● The records:
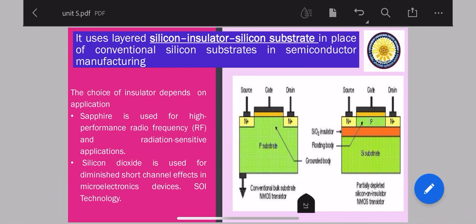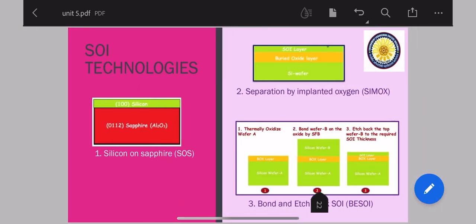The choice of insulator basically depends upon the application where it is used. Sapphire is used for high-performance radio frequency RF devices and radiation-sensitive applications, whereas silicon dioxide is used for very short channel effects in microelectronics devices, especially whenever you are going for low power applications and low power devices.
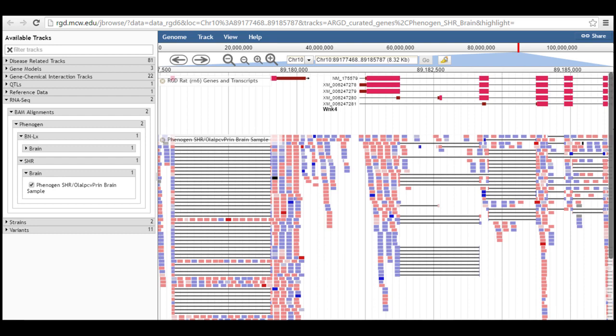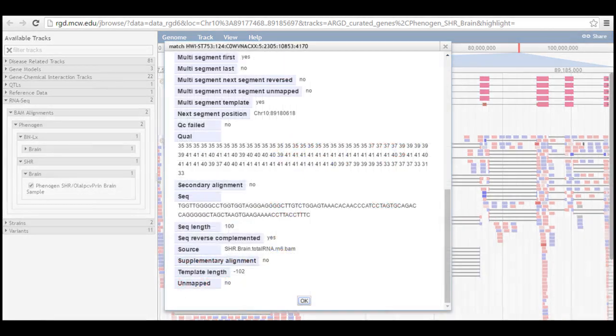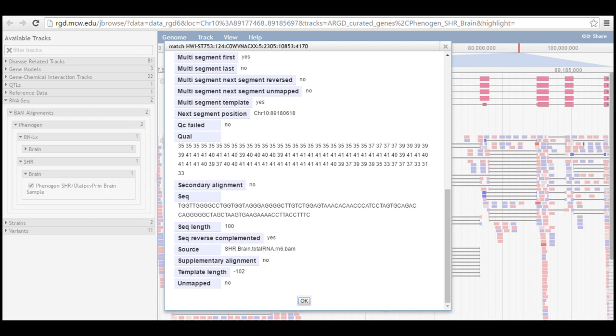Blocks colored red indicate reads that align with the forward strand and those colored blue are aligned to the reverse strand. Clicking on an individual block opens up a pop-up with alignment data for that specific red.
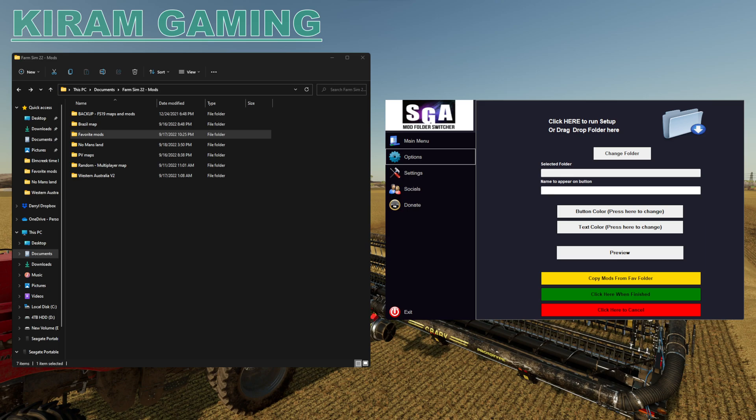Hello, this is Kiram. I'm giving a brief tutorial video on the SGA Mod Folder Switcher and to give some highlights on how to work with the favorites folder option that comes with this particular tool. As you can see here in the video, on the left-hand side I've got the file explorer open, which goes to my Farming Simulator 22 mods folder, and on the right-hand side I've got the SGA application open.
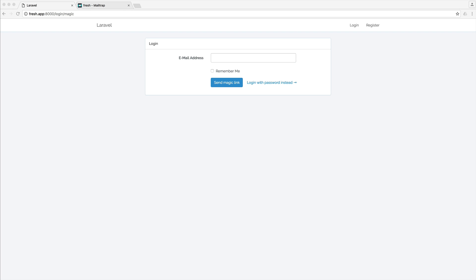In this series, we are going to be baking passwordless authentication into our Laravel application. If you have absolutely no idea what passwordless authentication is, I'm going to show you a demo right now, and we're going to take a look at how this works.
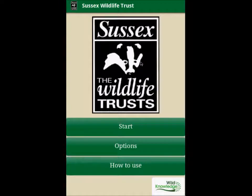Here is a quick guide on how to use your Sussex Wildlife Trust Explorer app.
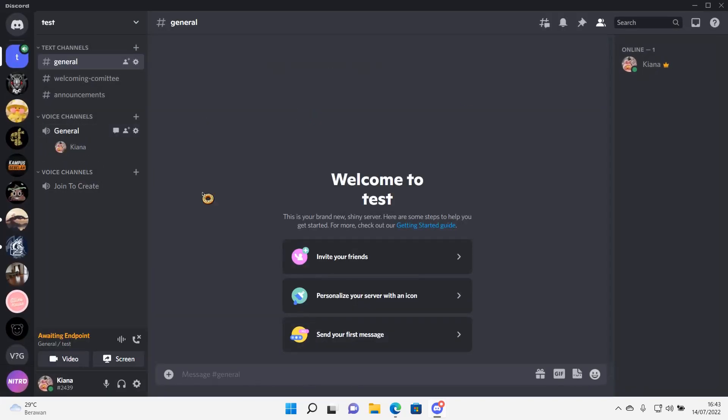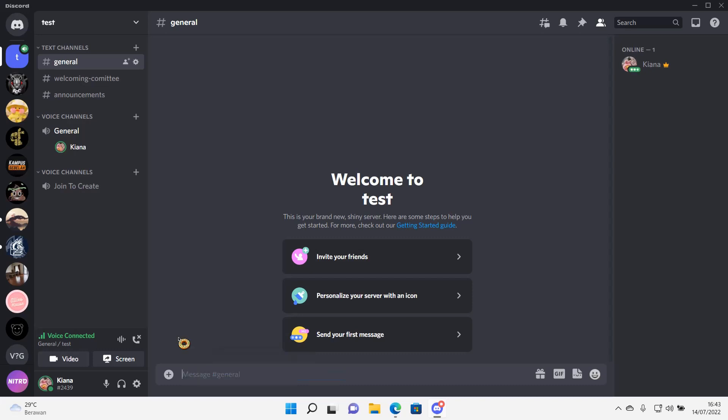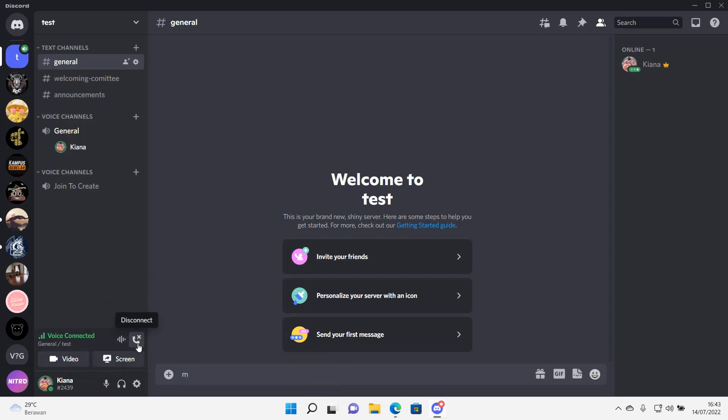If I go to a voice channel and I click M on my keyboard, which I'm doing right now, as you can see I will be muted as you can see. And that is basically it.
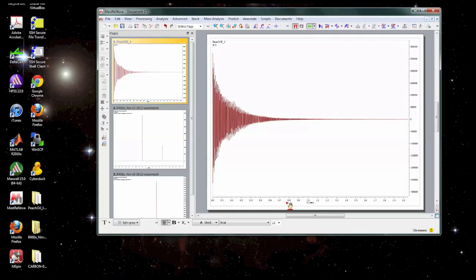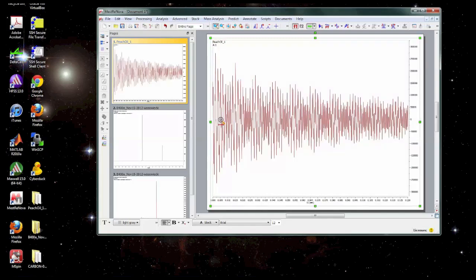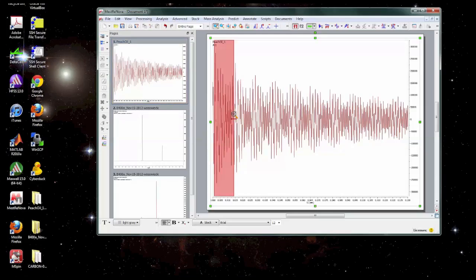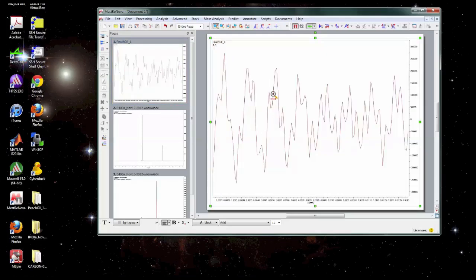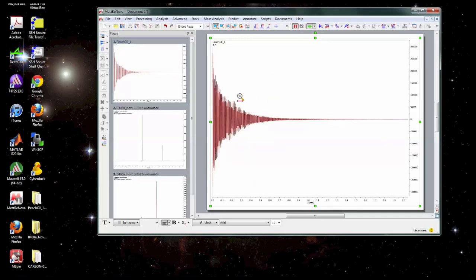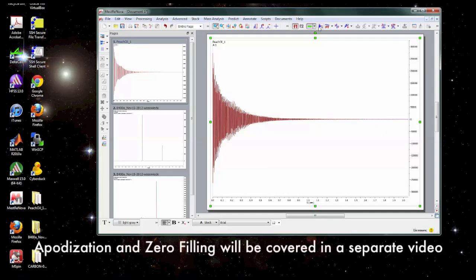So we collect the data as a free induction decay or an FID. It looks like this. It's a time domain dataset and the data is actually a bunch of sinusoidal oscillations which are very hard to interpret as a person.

● What needs to be done: Set the pictures aside and reproduce exactly the lines above, from the line holding "Blocks colored red" through the line holding "If I go to a", both included, with nothing else.

● Reply:
Blocks colored red indicate reads that align with the forward strand and those colored blue are aligned to the reverse strand. Clicking on an individual block opens up a pop-up with alignment data for that specific red.
Hello, this is Kiram. I'm giving a brief tutorial video on the SGA Mod Folder Switcher and to give some highlights on how to work with the favorites folder option that comes with this particular tool. As you can see here in the video, on the left-hand side I've got the file explorer open, which goes to my Farming Simulator 22 mods folder, and on the right-hand side I've got the SGA application open.
In this series, we are going to be baking passwordless authentication into our Laravel application. If you have absolutely no idea what passwordless authentication is, I'm going to show you a demo right now, and we're going to take a look at how this works.
Here is a quick guide on how to use your Sussex Wildlife Trust Explorer app.
If I go to a voice channel and I click M on my keyboard, which I'm doing right now, as you can see I will be muted as you can see. And that is basically it.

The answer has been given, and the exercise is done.